Kurds Call for Greater Autonomy for Iraqi Regions to Prevent Another ISIS

Kurdish peshmerga forces
Kurdish peshmerga forces stand on a destroyed building which was used by Islamic State militants in Wahda, south of the city of Kirkuk March 16, 2015. Stringer/Reuters

The central Iraqi government, attempting to unite Shia, Sunni and Kurds, has failed and should "dissolve power to the regions" of Iraq to manage their own affairs in the event that ISIS is ousted from the Sunni-majority city of Mosul, a senior Kurdish official has said.

Last month, a U.S. Central Command (Centcom) official said that Iraqi forces were being trained in order to launch an advance on ISIS-held Mosul - Iraq's second-largest city which sits in close proximity to the semi-autonomous Kurdistan region - as soon as April or May. A Shia-majority force of over 20,000 Iraqi troops and militiamen is currently in its third week of an assault on the Sunni-majority city of Tikrit, the first step in setting up the offensive.

The senior official within the Kurdish Security Council, speaking on condition of anonymity, warned that without a change to Iraq's power structure, defeating ISIS will just lead to extremism arising "in a different form", as it has done since the U.S. invasion in 2003, with al-Qaeda in Iraq (AQI) transitioning into the Islamic State in Iraq (ISI) and, most recently, ISIS.

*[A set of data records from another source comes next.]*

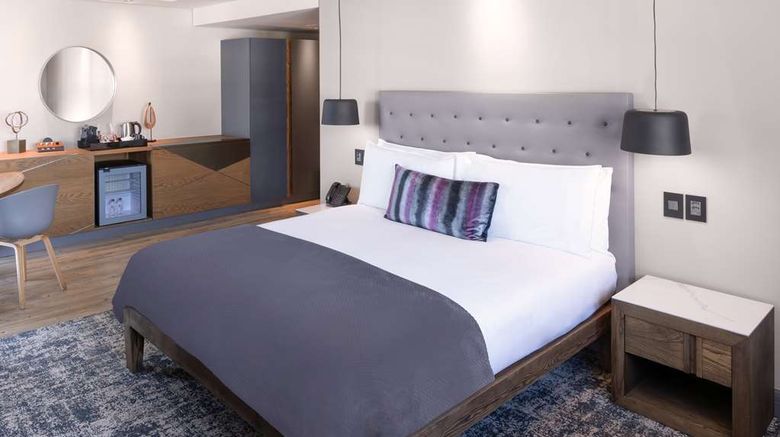 <b>SunSquare Cape Town City Bowl Suite</b>. Images powered by <a href="https://iceportal.shijigroup.com/" title="IcePortal" target="_blank">IcePortal</a>.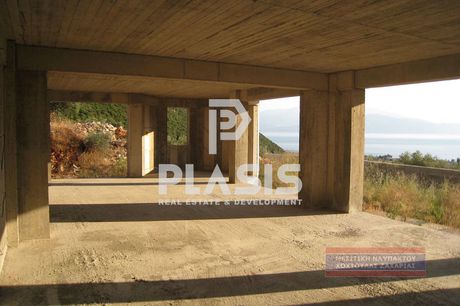 Διαμέρισμα 400τ.μ. για πώληση-Μώλος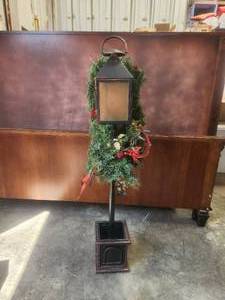 lot 229 image: Christmas lantern decoration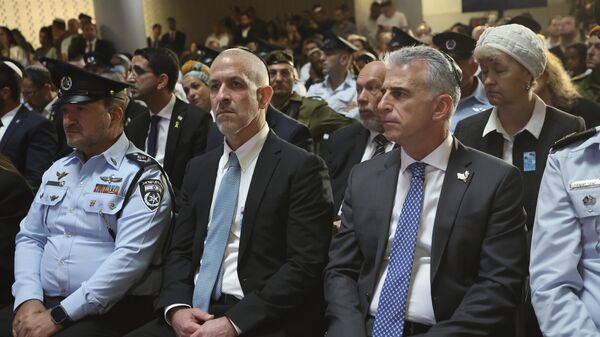 Mossad intelligence agency chief David Barnea, front right - Sputnik Africa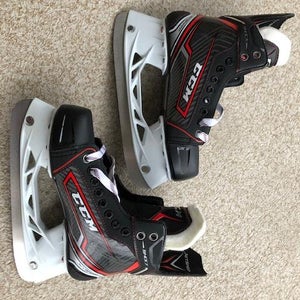 New Junior CCM JetSpeed Shock Hockey Skates Regular Width Size 4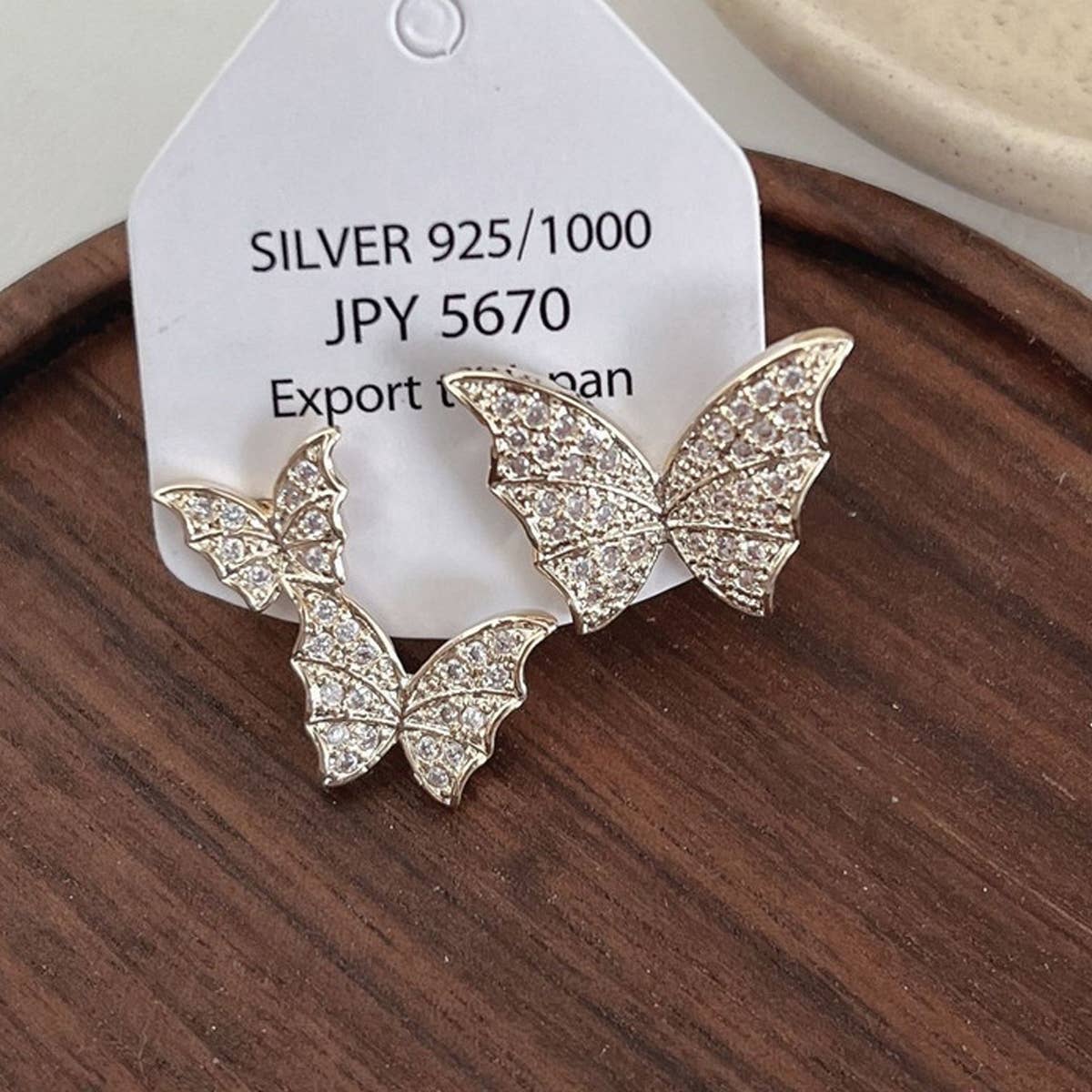 FOREST ASYMMETRIC BUTTERFLY EARRINGS_CWAJE1520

"What's important for us is not the timing of the [Mosul] offensive, what's important for us is the post-liberation of the city. Who takes over of the city, who is going to run the area and in what format," said the official. "The idea of a central government in Baghdad has failed. We have tried it for the last century."

"Kurds, Sunnis and Shia just do not trust each other and the only way you can address that is by allowing local regions and provinces to govern their own affairs," the official suggested. "It's up to the Iraqis now to say enough is enough, too many people have died over the past century, let's just dissolve power to the regions and provinces and allow them to manage their own affairs."

Last summer, ISIS swept across northern Iraq, capturing the Sunni-majority cities of Mosul and Tikrit, taking the marginalised populations - largely opposed to the Shia-headed coalition government in Baghdad - under the shadow of its self-proclaimed caliphate. Many young Sunnis are aggrieved at the perceived mistreatment of its leaders by the government, alleged corruption in Baghdad and a lack of employment and economic opportunity.

"There's a reason why many Sunni Arab communities just acquiesced to the ISIS attack into Mosul," warned the official. "These are underlying problems that have always existed in Iraq and unless there are solutions then this will stay on, just in a different form."

Jordan Perry, principal MENA analyst at leading global risk analytics company Verisk Maplecroft, says that greater autonomy for the neglected Sunni population of Iraq would indeed boost security for Erbil, the capital of Kurdistan region, and warned that while Sunnis remain aggrieved there would always be a threat of extremism on Kurdish frontlines.

"For a long time, the finger of blame has been pointed at Baghdad for neglecting these regions and the Sunnis," says Perry. "If there is a way of addressing the resentment the Sunnis feel in Mosul and elsewhere, then that is going to lead to a more stable administration in Mosul and pose less of a threat to Kurdish territory."

"As long as Sunnis are disenfranchised in Iraq, there's always going to be that potential for local Sunni communities to throw in their lot with extremist groups."

However, many obstacles remain in the path of greater devolution to various factions within Iraq as the battle against ISIS continues, adds Perry, such as a lack of political will within Baghdad to give more power to Sunnis in the country's north, and Shia regions such as the oil-rich governorate of Basra.

The Kurdish Security Council, a body created to ensure the protection of Iraqi Kurdistan, is led by the son of Kurdish president Masoud Barzani, Masrour. Last week, the body claimed that ISIS had used chemical weapons against its Peshmerga forces in an attack between Mosul and the Syrian border, with fighters being treated for "dizziness, nausea, vomiting and general weakness", an official told the Associated Press.